What you should do.
Word for word, repeat the data that follows. Do not include the pictures.

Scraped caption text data
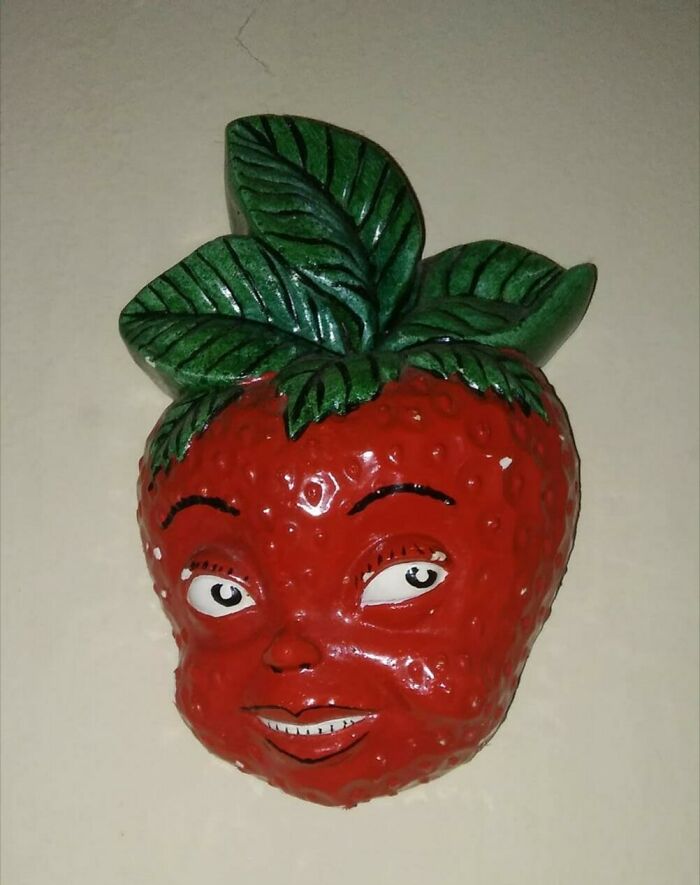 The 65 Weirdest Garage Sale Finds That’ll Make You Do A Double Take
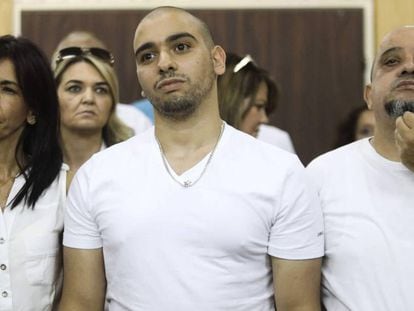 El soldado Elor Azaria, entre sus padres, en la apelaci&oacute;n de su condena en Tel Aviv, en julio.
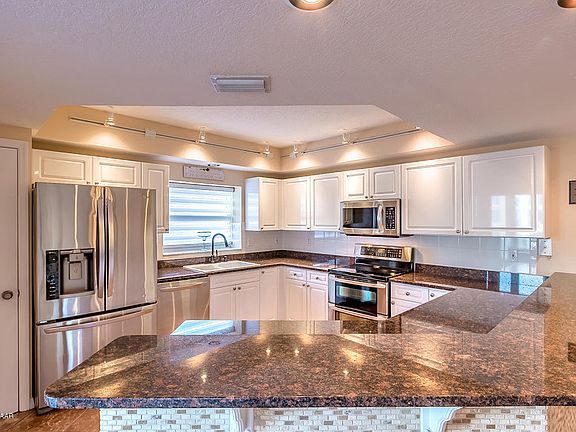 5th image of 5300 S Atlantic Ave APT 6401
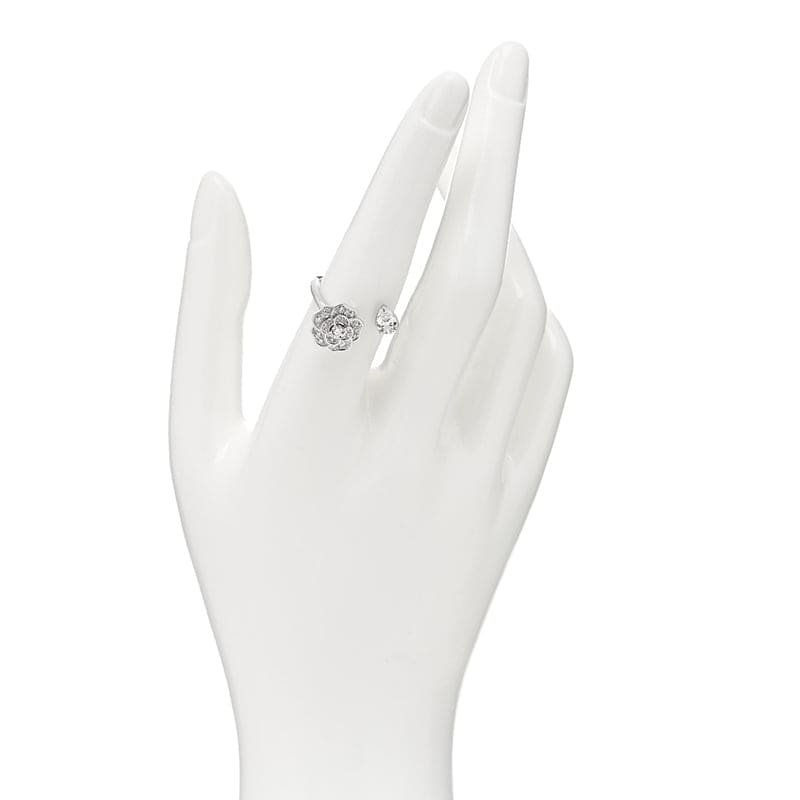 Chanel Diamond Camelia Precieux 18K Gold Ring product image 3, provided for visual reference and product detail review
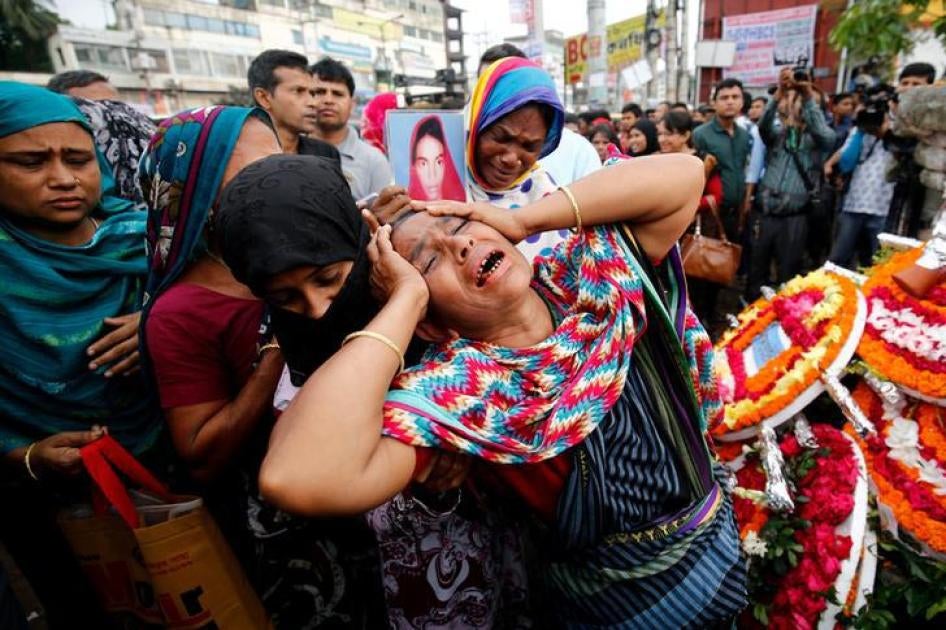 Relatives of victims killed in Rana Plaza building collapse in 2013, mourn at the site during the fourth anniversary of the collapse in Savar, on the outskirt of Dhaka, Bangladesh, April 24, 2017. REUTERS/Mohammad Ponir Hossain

Answer to this exercise.
 The 65 Weirdest Garage Sale Finds That’ll Make You Do A Double Take
 El soldado Elor Azaria, entre sus padres, en la apelaci&oacute;n de su condena en Tel Aviv, en julio.
 5th image of 5300 S Atlantic Ave APT 6401
 Chanel Diamond Camelia Precieux 18K Gold Ring product image 3, provided for visual reference and product detail review
 Relatives of victims killed in Rana Plaza building collapse in 2013, mourn at the site during the fourth anniversary of the collapse in Savar, on the outskirt of Dhaka, Bangladesh, April 24, 2017. REUTERS/Mohammad Ponir Hossain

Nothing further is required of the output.